Shannon Wallace ( She/Her )
Bachelor of Humanities, Lawyer
B.Hum Graduate 2019
What was your experience like in the program and how has your degree helped your career?
I applied to the Humanities program not because I saw it as a step toward a particular career, but because I loved to read. To this day, when people ask me what it is that I studied in the Humanities Great Books program, I tell them it’s exactly what it sounds like. I spent four years reading a lot of big, old, really great books. When I eventually decided to pursue a career in law, I discovered that those big, old books proved to be the perfect preparation for law school and work as a lawyer.
If there’s one similarity between the Humanities program and a legal career, it’s that you have to read. A lot. The Humanities program taught me to read and understand long, complex texts and to communicate the ideas within those texts with clarity.
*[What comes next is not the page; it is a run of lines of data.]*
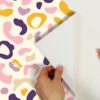 0065313 multi purple leopard spots peel and stick wallpaper.jpeg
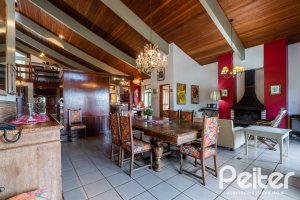 Casa em Condomínio à venda com 565m², 5 dormitórios, 3 suítes, 4 vagas, no bairro Cavalhada em Porto Alegre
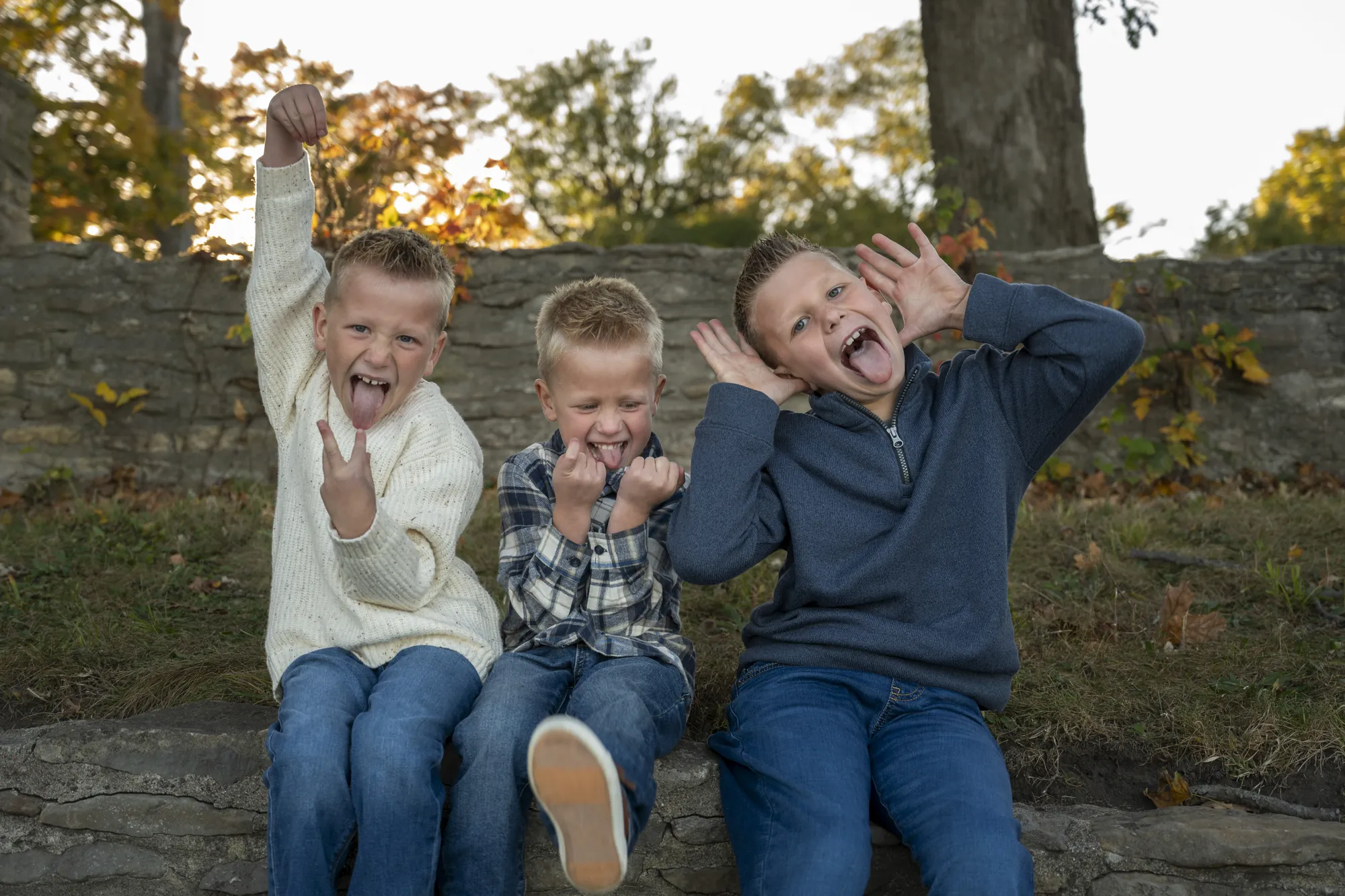 Family photos in the Cedar Valley, brothers making silly faces
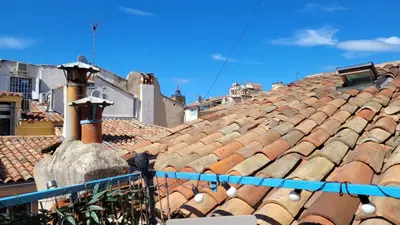 a view of roofs of buildings with a blue at Appartement duplex sur les toits d'Aix avec terrasse ensoleillée in Aix-en-Provence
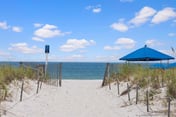 Poolside Condo with Beach Access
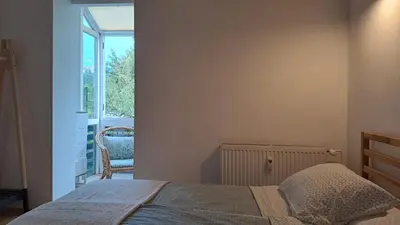 a bedroom with a bed and a window and a chair at FLAT FOR 2 - Alpine Dream Bled in Bled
These skills have come in handy time and time again in my career so far.
The small class sizes in the College and the frequent, lively debates in discussion groups gave me the confidence to test out my own ideas and prepared me well for the Socratic-style teaching method used in law school classes. My first position after law school was at the Crown Attorney’s office in Toronto in the Criminal division, in which I spent a lot of time on my feet in a courtroom. Being in front of a judge was not all that different from being in front of a Humanities professor asking me questions and challenging my arguments.
I continue to use all of the above skills in my current position at a smaller, full service firm in my day-to-day communications with clients and other lawyers.
The program also prepared me for my most recent and most important job as a mom. The best things I learned in the Great Books program were the importance of asking questions and the beauty and truth that can be found in history. I hope to pass these lessons along to my children.